For 11 years, artist-educators Frances Crisafio and Meda Rago have run Faces: A Children's Art Collaboration, teaching self-portraiture to second- through fifth-graders at two public schools in Manchester. For certain students, depicting themselves through drawing and collage is hard. "You have some kids who are so unhappy with themselves that whatever they glue down on that paper, they rip it off," says Crisafio.
But the results can be extraordinary. HOLDUP in the HOOD, an exhibit at 707 Penn, includes 45 of Crisafio's photos of participating students, all of whom are African-American, holding their self-portraits between their faces and the camera. The images, dating to 2007, have been exhibited in cities from Portland to Chicago, and won awards in Paris. The 707 show is their biggest local exposure yet.
Half the portraits are simple pencil drawings on posterboard, typically guileless, wide-eyed and affecting. Most of the other photos capture collages, comprised of glossy magazine images.
One is a portrait in food, with a roasted-chicken face. Another is a near-cubist intersection of two faces. Yet another sports a mouth of manicured toes, the face a jumble of scraps. One boy has a cathedral-steps face, steering-wheel and car-tire eyes, and a snarling-wolf ear. Another collage is mostly a photo portrait of a bearded white guy, wearing camouflage and a cap reading "White Trash" and sitting in what looks like his bunker. One kid added a spiffy bow tie to a zebra-striped face. There's much material from car and jewelry ads. One girl's collage has a sleeveless dress for a nose and a body of perfume bottles and fashion accessories.

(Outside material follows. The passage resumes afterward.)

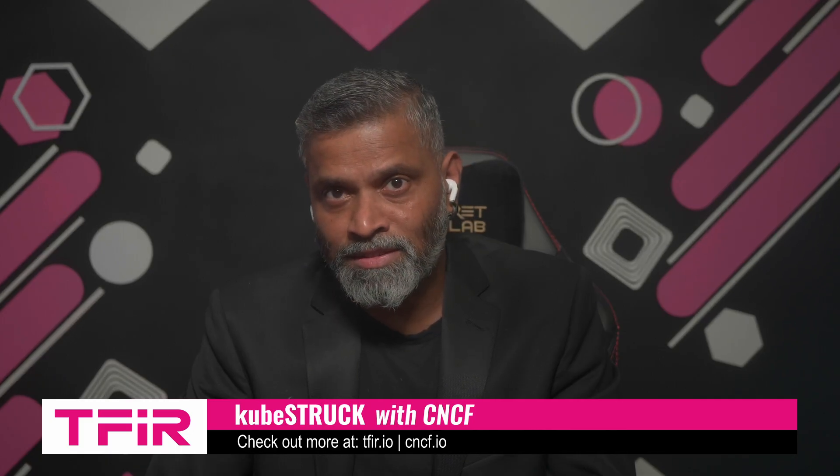Kubernetes is the backbone of modern cloud infrastructure and every new release brings changes that impact how developers and operators run their clusters. The 1.34 release is out and it continues that tradition of introducing key enhancements around security, policy, and hardware support. To help us break down what's new and why it matters, I'm joined by Vyom Yadav, Kubernetes release lead for this cycle. Vyom, thanks for being here. Nice to be on the show and glad to be talking about Kubernetes v1.34.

Some collages are partial collaborations between a student and him or Rago, acknowledges Crisafio, a designer and photographer. Among the most striking photos, in fact, are larger prints not of completed collages, but of kids wearing "masks" — a boy donning owl's eyes, for instance, another boy masked by a female model from a Neiman-Marcus ad.
Viewer interpretations will vary; within the Faces program (funded by the Society of St. Vincent De Paul), what counts is process: "Getting [students] to look at the way they are and accept that and be happy with that," says Crisafio.
"It's uncanny how much the final images — even though their faces are covered — look like the kid," he adds.